Entwickelt hatte den Fonds die Finanzfirma Ballance. Der dahinterstehende Investmentbanker Paul Mora wird aktuell international gesucht. Seinen Ex-Kollege Martin S. hat das Landgericht bereits wegen Steuerhinterziehung rechtskräftig verurteilt.

Das Bundeszentralamt für Steuern erstattete für den Fonds BC German Equity gut 60 Millionen Euro an Steuern. Grundlage waren mutmaßlich falsche Steuerbescheinigungen, ausgestellt von der BHF Asset Servicing. Anleger des Fonds verdienten innerhalb weniger Monate bis zu 30 Prozent Rendite – die BHF Bank verdiente mit.

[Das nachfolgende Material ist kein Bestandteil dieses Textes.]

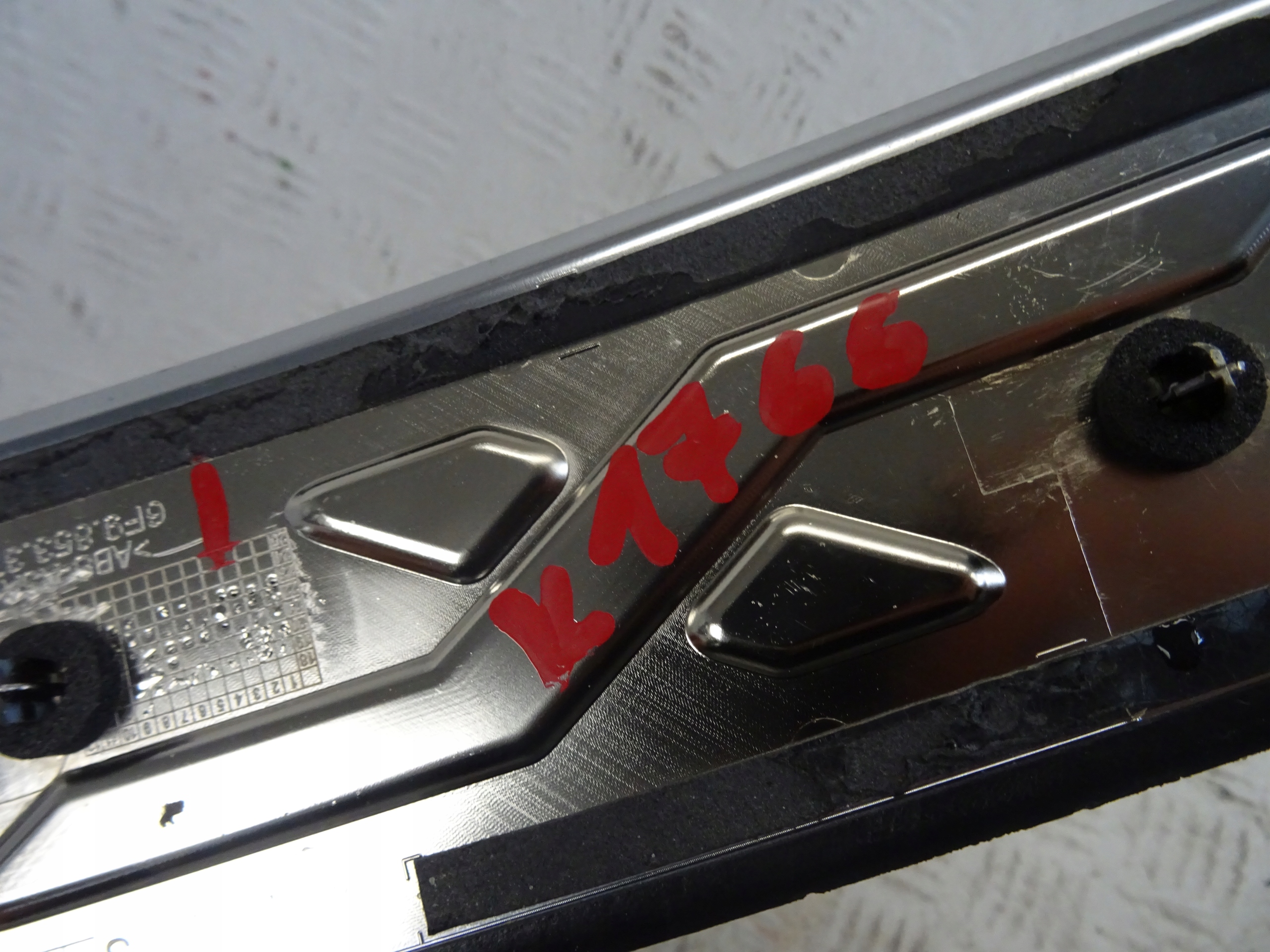 modanatura parafango Destra posteriore SEAT ARONA 6F9853378F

Rund 13 Jahre hat es gedauert, bis der Fiskus den erlittenen Schaden wiedergutmachen konnte: Kürzlich überwiesen BNY Mellon – als Rechtsnachfolgerin der BHF – und M.M. Warburg zusammen 60 Millionen Euro an den Fiskus. Warburg steuerte 77,5 Prozent bei, der Rest kam von BNY Mellon.

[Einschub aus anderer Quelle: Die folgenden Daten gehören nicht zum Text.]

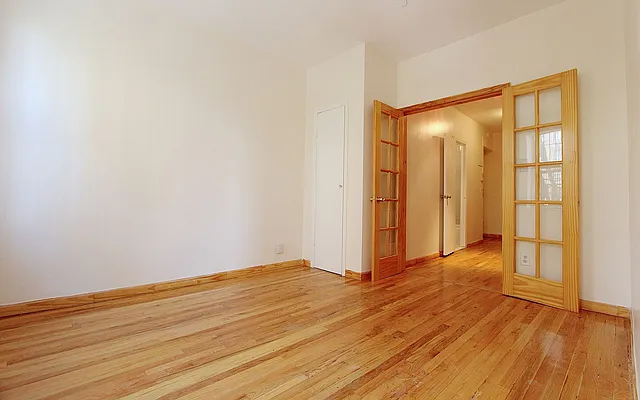 Rented by Compass | media 18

Die Banken hoffen, dass sich auch andere Beteiligte an den Kosten beteiligen. Einen Teil der fälligen Rückzahlungen konnte BNY Mellon auf die Deutsche Bank abwälzen. Der Kaufvertrag enthielt eine Haftungsfreistellung für Steuerschulden.

Auch für die Fonds Hl Aktien 1 von Hansainvest und für den BC Pro Rendite – verwaltet von der FSKAG – war die BHF Asset Servicing als Depotbank zur Stelle. Der Steuerschaden in diesen beiden Fällen soll sich nach Ermittlungen der Staatsanwaltschaft auf rund 30 Millionen Euro belaufen.

„Bedenklich, unter Umständen illegal“

Die Geschäfte waren intern nicht unumstritten. So teilte der Compliance-Chef der BHF Asset Servicing einem Verantwortlichen der Hansainvest am Abend des 31. März 2009 mit, dass er rechtliche Bedenken hinsichtlich der dem Fonds erstatteten Kapitalertragsteuer (KESt) habe, weil es „zum zweimaligen Ausweis der Steuer in Steuerbescheinigungen oder zur zweimaligen Erstattung“ für dieselben Aktien kommen könne, „obwohl nur einmal KESt an die Finanzbehörden abgeführt“ werde. Diese hielten solche Anträge zur Erstattung von KESt „für bedenklich, unter Umständen sogar für illegal“. Durchgezogen wurden die Geschäfte trotzdem.

2009 gab es ein weiteres Geschäft, bei dem die FSKAG aus der BHF-Gruppe mitmischte. Die Kapitalanlagegesellschaft trat als Verwalterin eines Fonds namens JS Futures Fund auf. Die Investoren bündelten ihre Gelder in der Firma Jay Say Investments Limited.

Das Fondsvolumen betrug eine Milliarde Euro, davon 950 Millionen Euro Fremdkapital, bereitgestellt von der Deutschen Bank. Die Beteiligten ließen sich Steuern von 28 Millionen Euro erstatten. Als Berater bei diesem Cum-Ex-Geschäft fungierten die Anwaltskanzlei Norton Rose und die Wirtschaftsprüfungsgesellschaft KPMG.

Handel mit Phantomaktien

Bei der Durchsuchung von BNY Mellon dürfte es den Ermittlern nicht nur um das klassische Cum-Ex-Geschäft gehen, sondern auch um neue Modelle. Ihr Interesse gilt unter anderem den Geschäften mit sogenannten Phantomaktien, in der Fachsprache Pre-Released ADRs.

Das Kürzel steht für American Depositary Receipts. Die Wertpapiere dienen als Ersatz für Aktien, die nicht in Dollar gehandelt werden. Pre-Released ADRs werden ausgegeben, wenn die Aktien noch nicht verfügbar sind.

Hier besteht ebenfalls der Verdacht, dass sich die beteiligten Banken unrechtmäßig Kapitalertragsteuer erstatten ließen. Die US-Börsenaufsicht SEC verhängte diesbezüglich 2018 Strafen gegen vier Großbanken.

BNY Mellon musste 54 Millionen Dollar Strafe zahlen. Bei ihren Wettbewerbern JP Morgan waren es 135 Millionen Dollar, der Deutschen Bank 75 Millionen Dollar und bei der Citi 40 Millionen Dollar. Bei diesen Geschäften handelt es sich nicht um eine BHF-Altlast: Sie liefen zwischen 2011 und 2016.